Image from the short film "Not to Be" Directed by Australian Filmmaker - Katrina Channells.

By Tania Phillips

In a way everything film-maker Elliot Spencer has done in his life has led him to where he is now – running a highly successful short film festival that attracts interest and crowds in Berlin and Dalveen. Yes – that Dalveen – here on the Granite Belt.

Elliot, who is doing up an old house back home here in Warwick when he’s not creating films and bringing other people’s work to larger audiences through his Orion Short Film Festival, is currently curating the festival going through a large number of films and preparing two slightly different festivals for the two venues.

The Festival is held later in the year in cosmopolitan Berlin and now, for the second year in a row, a country hall in Dalveen in February. And after last year’s event in Dalveen he is tailoring the local version to local tastes, a little more Australian content and comedies then what will be seen in Berlin.

In a way though the Festival brings his two worlds together – the Warwick boy he was and the film-maker and film festival convenor he is now. Creating a film festival is something he obviously relishes and the idea of bringing it home to this region seems to be a big part of his enjoyment. However, the idea for the festival wasn’t born in Warwick or Berlin.

“It first started in 2017 and I was living in China and filmmaking there, it was a great base and vantage point for going over to Europe for film festivals,” he said.

“I was competing with my own work and I started to get to know a lot of the curators and the festival directors for a few of the major film festivals. That led me to create my own.”

So how does a young film maker from Warwick end up in China and then Berlin?

“When I was a teenager, I use to compete in martial arts and I always wanted to go over to China,” he said.

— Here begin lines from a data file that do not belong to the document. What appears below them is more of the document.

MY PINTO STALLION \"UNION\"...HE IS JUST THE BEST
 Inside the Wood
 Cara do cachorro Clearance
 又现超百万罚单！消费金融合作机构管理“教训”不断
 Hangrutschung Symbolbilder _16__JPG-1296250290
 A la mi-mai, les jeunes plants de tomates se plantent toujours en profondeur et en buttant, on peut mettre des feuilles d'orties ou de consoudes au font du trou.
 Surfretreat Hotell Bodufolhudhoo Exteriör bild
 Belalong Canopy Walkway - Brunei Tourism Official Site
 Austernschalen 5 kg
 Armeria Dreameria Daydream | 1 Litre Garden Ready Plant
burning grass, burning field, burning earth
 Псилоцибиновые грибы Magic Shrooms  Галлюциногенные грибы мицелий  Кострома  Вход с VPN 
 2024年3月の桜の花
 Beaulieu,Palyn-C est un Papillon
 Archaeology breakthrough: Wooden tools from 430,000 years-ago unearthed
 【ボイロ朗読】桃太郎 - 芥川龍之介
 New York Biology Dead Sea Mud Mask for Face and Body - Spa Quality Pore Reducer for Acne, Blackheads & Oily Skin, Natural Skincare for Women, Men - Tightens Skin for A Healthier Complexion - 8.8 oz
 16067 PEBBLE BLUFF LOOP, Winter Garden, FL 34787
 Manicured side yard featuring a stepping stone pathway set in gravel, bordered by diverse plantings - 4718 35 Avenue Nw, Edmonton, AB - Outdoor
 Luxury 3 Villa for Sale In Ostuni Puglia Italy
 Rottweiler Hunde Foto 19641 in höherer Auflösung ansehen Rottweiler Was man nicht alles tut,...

“I went and did university first and then went to the Solomon Islands. When I was at university I actually studied the Mandarin language as electives. It was delayed for quite some years but eventually in 2010 I decided to make the big move to actually to get myself to China, basing myself in Zhuhai City which is directly opposite Hong Kong and on the border of Macau. I thought that was a good base for film making. I had a choice of three international airports.”

“Film making is something I’ve always done and I’ve always loved, right back to when I was 10 years old. I was competing and entering film festivals.”

When he was 16 he gained a full academic scholarship to study his craft at Bond, graduated in 2009 and it just carried on from there but with a sister who studied animation and is a filmmaker and a father who has written a couple of feature films it really is in his blood.

“There is a big love of cinema in the family,” he said.

He said it was a conscious decision to base the film festival in Berlin after screening his own work in the city and loving the experience.

“It’s such a cultural creative hub,” he said.